Eu era apaixonada pelas bolachas, fossem elas da cor laranja, rosa, azul, amarela, ou, o clássico dos clássicos, o disquinho preto. Naquela época, corria os sebos atrás da minha obsessão por completar a coleção de álbuns do Caetano. Lembro da felicidade que senti quando encontrei o primeiro solo dele, que tem Alegria, Alegria, a preferida da minha mãe. Paguei o olho da cara de Tieta, eta, eta.
Assim como os livros que meus pais compravam, os LPs marcaram a minha infância e continuam ocupando um lugar especial na minha vida.
Depois de 70 dias de quarentena, é realmente uma tarefa estafante encontrar opções pra entreter uma criança de 4 anos que salta do Netflix ao YouTube. Do celular à televisão. Da amoeba – que suja o teto, gruda na roupa, me deixa louca – ao jogo de tabuleiro do Toy Story. Do Talking Tom pro Just Dance.

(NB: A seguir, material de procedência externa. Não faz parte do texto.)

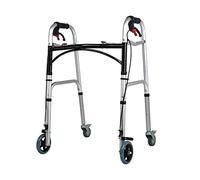 Adjustable Height Bariatric Heavy-Duty Folding Walker with Locking Swivel Wheels for Seniors - Portable Mobility Aid for Elderly Adults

Resolvi, então, fazer um experimento com Totônio e dar uma de mamãe DJ. O guri dispensou logo de cara meu Abbey Road, o último – e um dos melhores – discos gravados pelos Beatles (o último lançado foi Let it be), que virou um tiozinho de meia idade ano passado. Mas resolveu dar uma chance ao disquinho cor-de-rosa com historinhas do arco da velha, que o pai dele ouvia quando pequeno. Achei que Totônio ia torcer aquele narizinho fofinho pro ruído do vinil velho, girando, girando, girando no toca-discos que, diga-se de passagem, não é profissional, mas é bonitinho e cumpre o prometido em se tratando de custo-benefício.
Pensei ainda que o guri meteria a mãozinha de dedinhos compridos na pequena agulha de safira que dura o suficiente para ouvir apenas uns 50 discos. Consegui impedir que ele destravasse a agulha com seu modo sutil e, voilà: surgiu aquela música estridente dando espaço para a voz da Janete Clair, a narradora e célebre autora de novelas.
Totônio estava entretido com um jogo de tabuleiro, mas conseguia prestar atenção às historinhas, bastante significativas, embora curtas. Tanto é que, no dia seguinte, pediu pra ouvir novamente a do Coelhinho e da Raposa.
A raposa tenta comer o coelho de tudo quanto é jeito. O bichinho, de voz irritante, chega até a ficar preso num espantalho, mas consegue escapar do predador. É claro que o verdadeiro sentido da história – que a raposa corre pela refeição e o coelho, pela vida – Totônio vai aprender no decorrer da sua jornada, que já começou um tanto diferente se compararmos a outras gerações.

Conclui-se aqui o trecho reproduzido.